Excerpted from Jacksonville Business Journal story.
Leaders. Educators. Trailblazers. Fighters. Mothers and fathers, mentors and models. Across the First Coast, a range of African American men and women are changing how we do business and who we are as a city. In celebration of Black History Month, we sit down with some of them to talk about how they are Shaping Their Identities.
Justin Spiller believes identity comes from two places: how someone is perceived and how they perceive themselves. Managing people’s perceptions can be exhausting, yet it’s a chore most African-Americans are very familiar with.
“We have to be cognizant about how people perceive us, whether we’re white or black,” said Spiller, associate director of investment sales at Franklin Street. “You can identify as whatever you want, but we’re still in a country where people’s perceptions matter.”
Changing people’s perceptions, Spiller believes, requires engagement and honest communication.

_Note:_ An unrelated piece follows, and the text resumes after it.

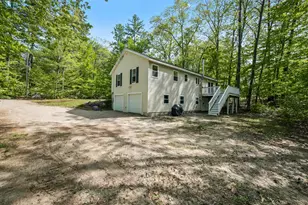 355 Bonnyman Rd, Wakefield, NH 03830 - Photo 31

“It requires building a relationship with someone to change their initial thoughts about who you are,” Spiller said. “And that goes beyond color … .”

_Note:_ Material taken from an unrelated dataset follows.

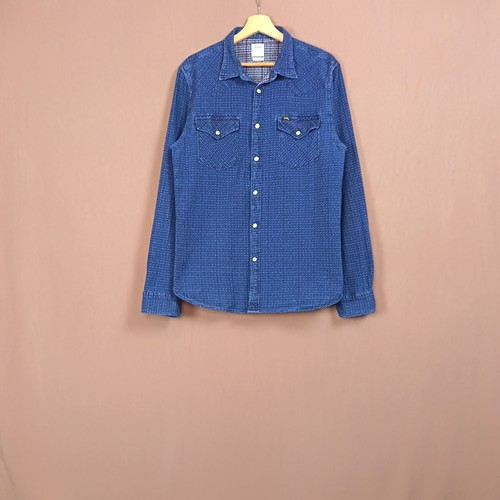 Lee 101 premium heritage - premium,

There is a lot of relationship-building and work to do, and Spiller believes the observation of Black History Month is a small but necessary start.
“Frankly, we should celebrate black history throughout the year,” he said. “In a perfect world, we wouldn’t distinguish between black history and American history, but because there’s still a lack of emphasis on the contributions of African-Americans in this country — other than a few — I think the devotion of a month is very critical.”
Although Spiller’s work hasn’t changed his ideas about race and equality in America, it has impressed upon him a sense of duty to try to improve the path for others.
“It’s reminded me that while I have sat at many tables where I’m the only African-American, it doesn’t mean equality has been achieved just because I’m sitting at that table,” he said. “At the end of the day, a single African-American, or even a couple, doesn’t satisfy diversity at a firm. At the same time – that single black person or those few – should they so choose, have the ability to shape the experience of others.”